## Your assignment
Without the pictures, reproduce the records that follow exactly.

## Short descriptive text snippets
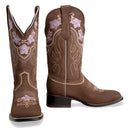 WOMEN’S JAZMIN SAND PREMIUM COWBOY BOOTS – EMBROIDERED SQUARE TOE WESTERN BOOT-2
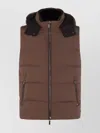 Moorer Hooded Quilted Down Jackets With Side Zip Pockets In Brown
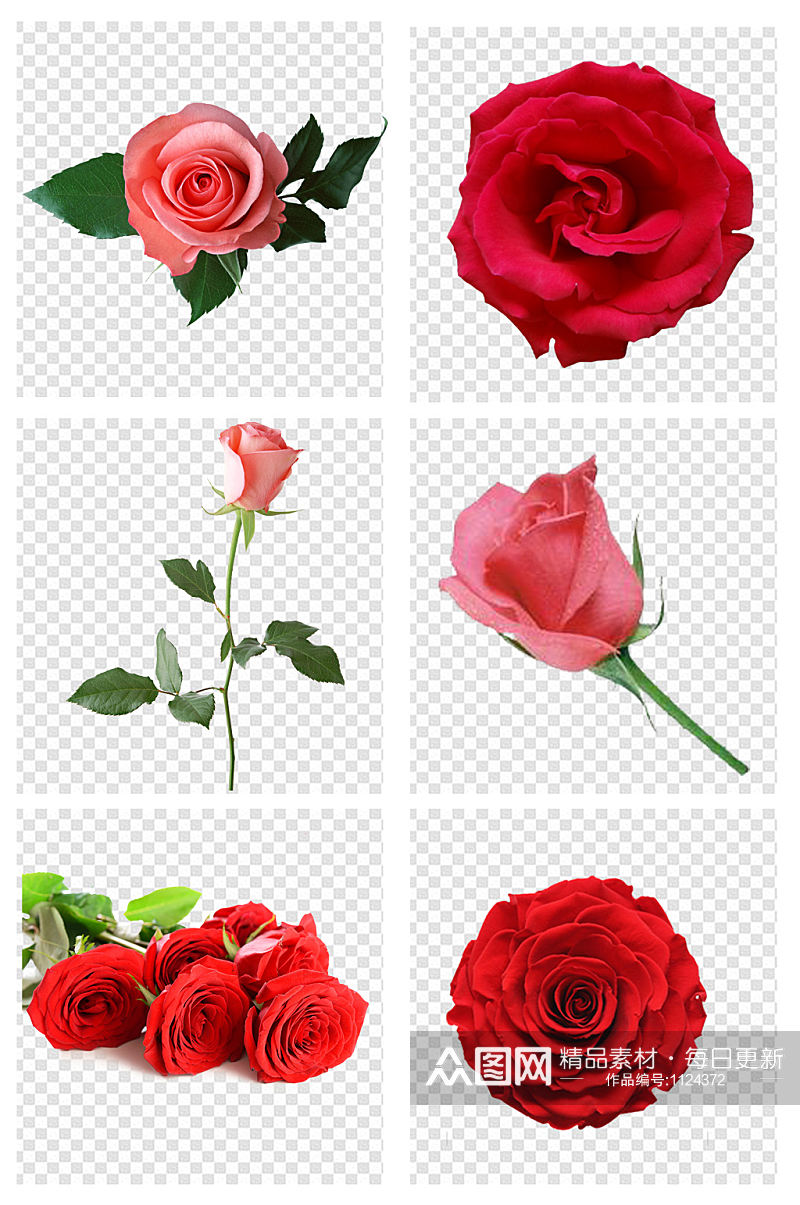 简约手绘红玫瑰花朵爱情元素素材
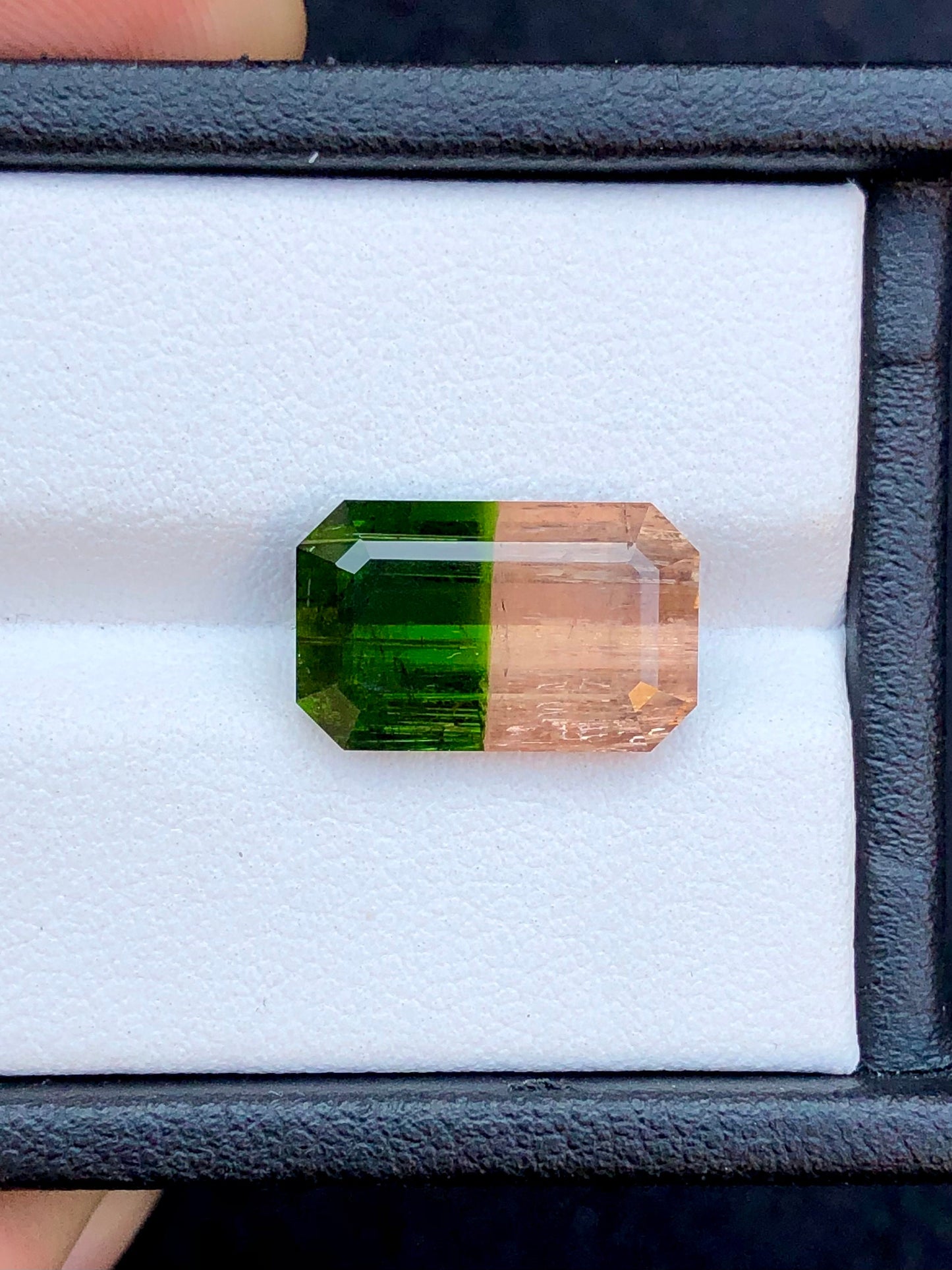 Unique bi colour tourmaline 6.90 carat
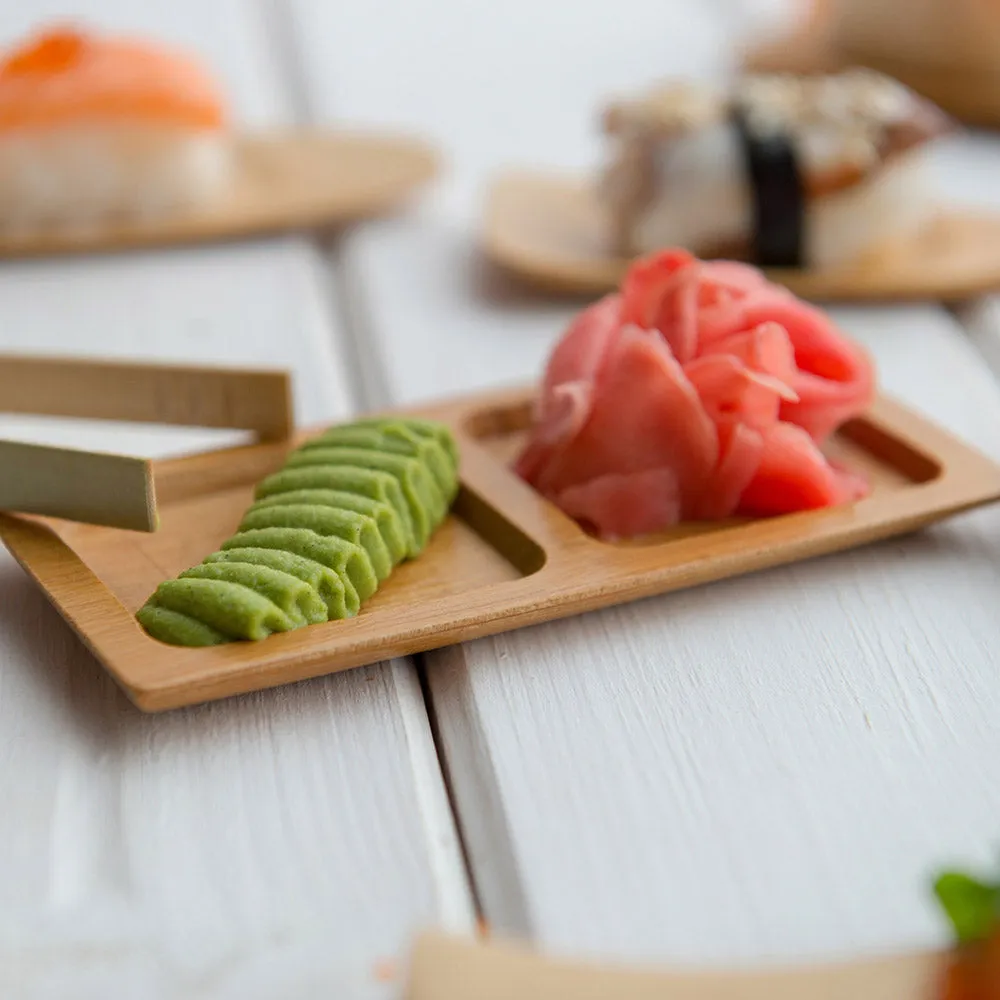 100 Rectangle Natural 4.75" Bamboo Duo Plates and 100 Natural Bamboo 3.5" Mini Spoons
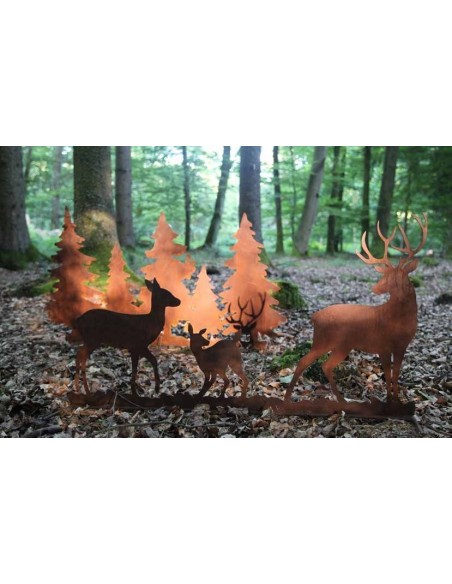 Herbstdeko Hirsche im wald 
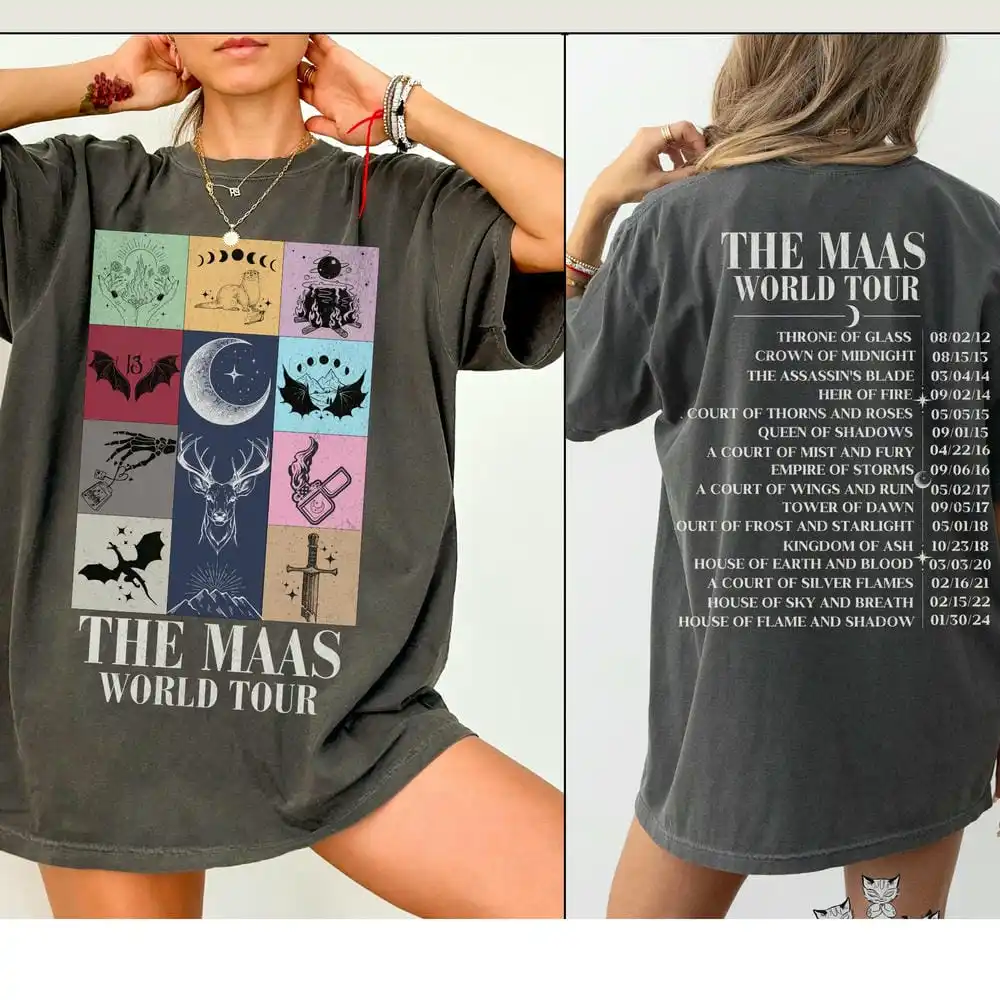 Vintage Retro Sarah J. Maas World Tour Comfort Shirt ACOTAR Throne of Glass TOG Magic Tee Casual Y2K Top Daily Trendy Streetwear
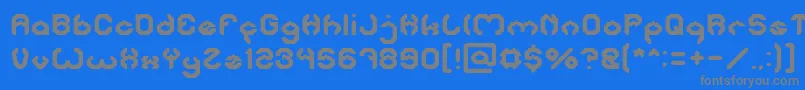 フォントBizzare – 青い背景に灰色の文字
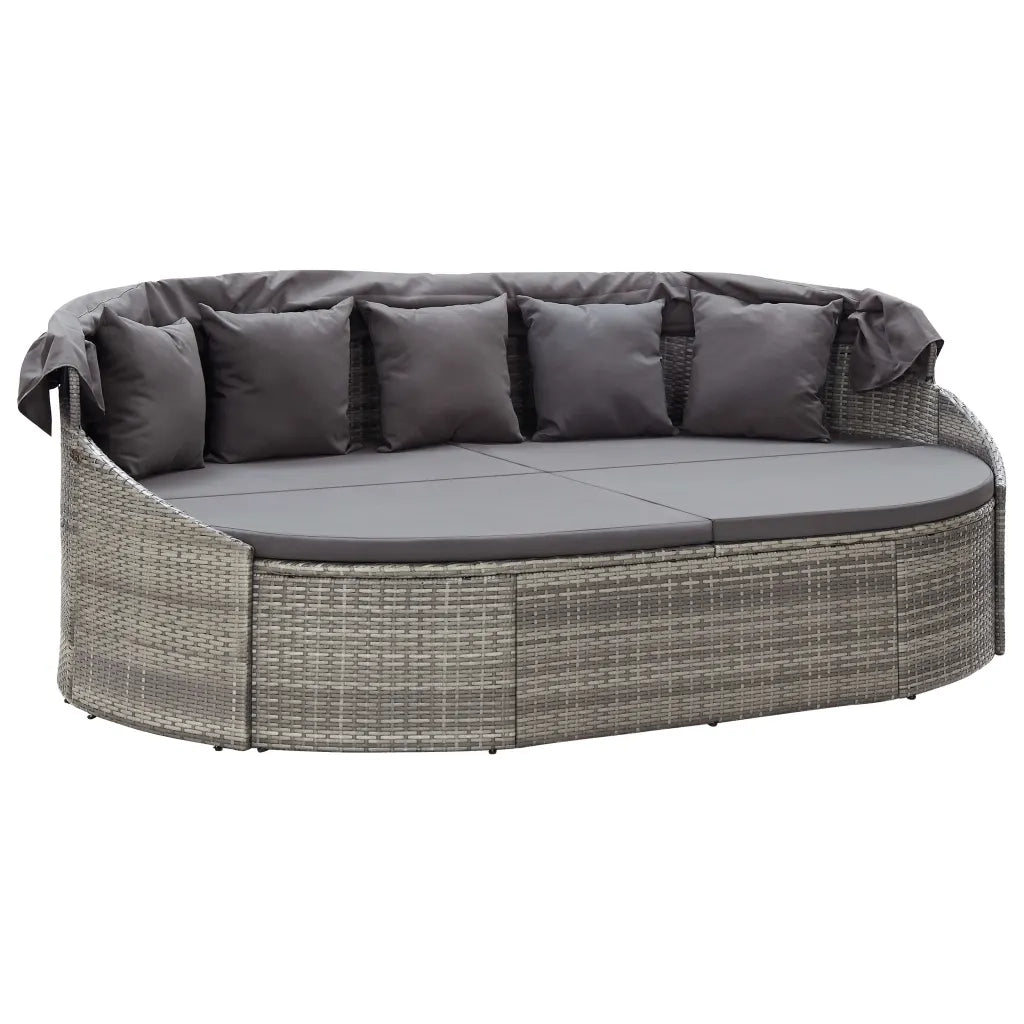 Lettino Prendisole con Baldacchino in Polyrattan Grigio  cod mxl 73228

## Task output
 WOMEN’S JAZMIN SAND PREMIUM COWBOY BOOTS – EMBROIDERED SQUARE TOE WESTERN BOOT-2
 Moorer Hooded Quilted Down Jackets With Side Zip Pockets In Brown
 简约手绘红玫瑰花朵爱情元素素材
 Unique bi colour tourmaline 6.90 carat
 100 Rectangle Natural 4.75" Bamboo Duo Plates and 100 Natural Bamboo 3.5" Mini Spoons
 Herbstdeko Hirsche im wald 
 Vintage Retro Sarah J. Maas World Tour Comfort Shirt ACOTAR Throne of Glass TOG Magic Tee Casual Y2K Top Daily Trendy Streetwear
 フォントBizzare – 青い背景に灰色の文字
 Lettino Prendisole con Baldacchino in Polyrattan Grigio  cod mxl 73228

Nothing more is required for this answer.